In our study the patients were admitted to the ICU, where despite of the preventive measures including a separate room for each patient, strict adherence to hand hygiene and preventive administration of antibiotics, we could observe the significant increase in the rate of infections with prolonged hospital stay and, as result, increasing costs of treatment. The high probability of infection, despite of optimal infection control, indicates that patients could be infected with bacteria, which are the part of normal flora. It is in agreement with the previous data, where Staphylococcus aureus and Escherichia coli are the primary nosocomial pathogens. If patients have some specific immune defects, which are the cause of increased rate of infections, it is necessary to use the additional measures for prevention of infections. Our findings offer an additional potential factor of posttraumatic immune suppression that should be considered during development and estimation of a protocol for decreasing the rate of posttraumatic nosocomial infections.

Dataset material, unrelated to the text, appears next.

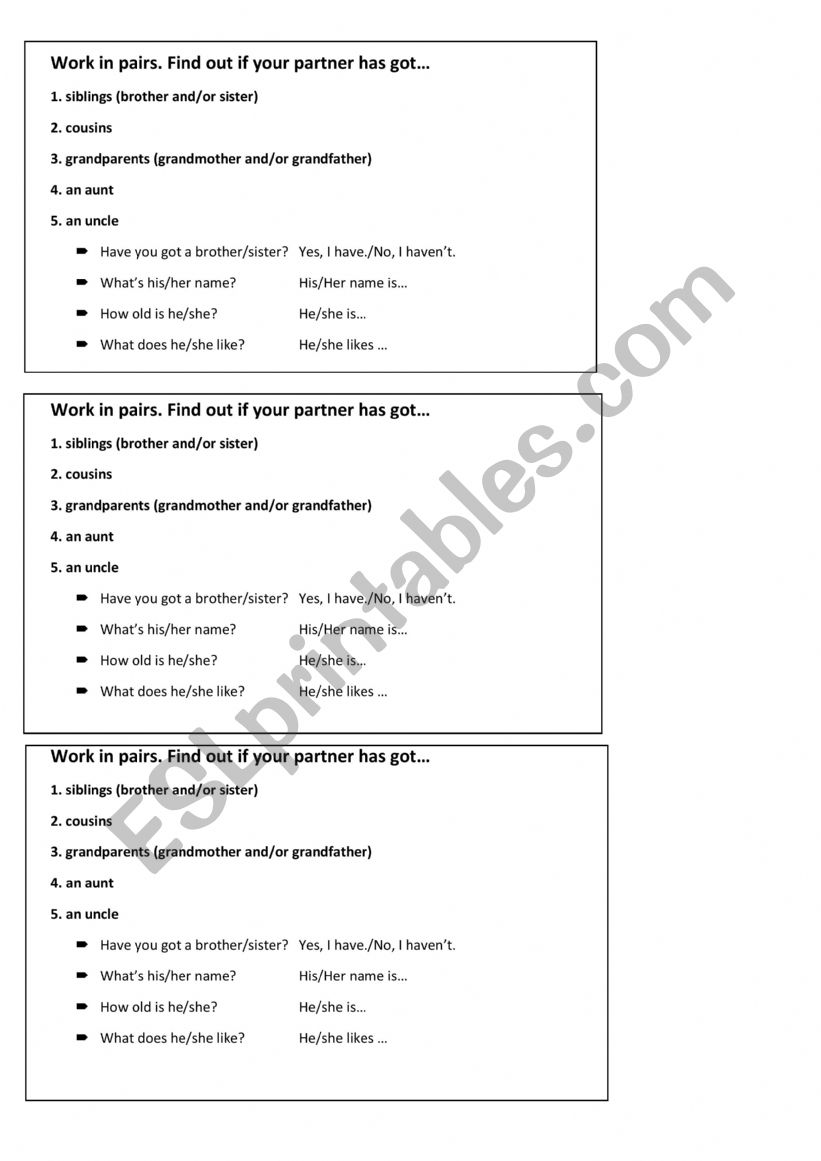 Family worksheet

Therefore, ApoA1 and ApoB decrease in critically ill patients within 24 hours after polytrauma and the intensity of polytrauma is associated with severity of developing sepsis. Patients with polytrauma demonstrate the maximal decrease in the serum levels of ApoB on the days 1-3 and 5-7 after injury, whereas microbiological examinations of various biomaterials give the first positive results only on the days 5-7 in 58 % of patients with evident infections. The received results show the diagnostic and predictive significance of ApoB and the possible use as an early marker of infectious complications. The monitoring of ApoB allows estimating the severity of SIRS: the decrease in its level < 50 mg/dl show the generalization of an infectious process.
CONCLUSION
1. The decrease in the serum levels of apolipoprotein B (ApoB) in patients with polytrauma indicates the generalization of the inflammatory process and can be used as an additional diagnostic criterion of sepsis.
2. The high diagnostic sensitivity (100 %) of the posttraumatic (the days 1-3 and 5-7) cutoff level of ApoB (<50 mg/dl) allows its use as an early marker of septic complications determined by gram-negative microflora.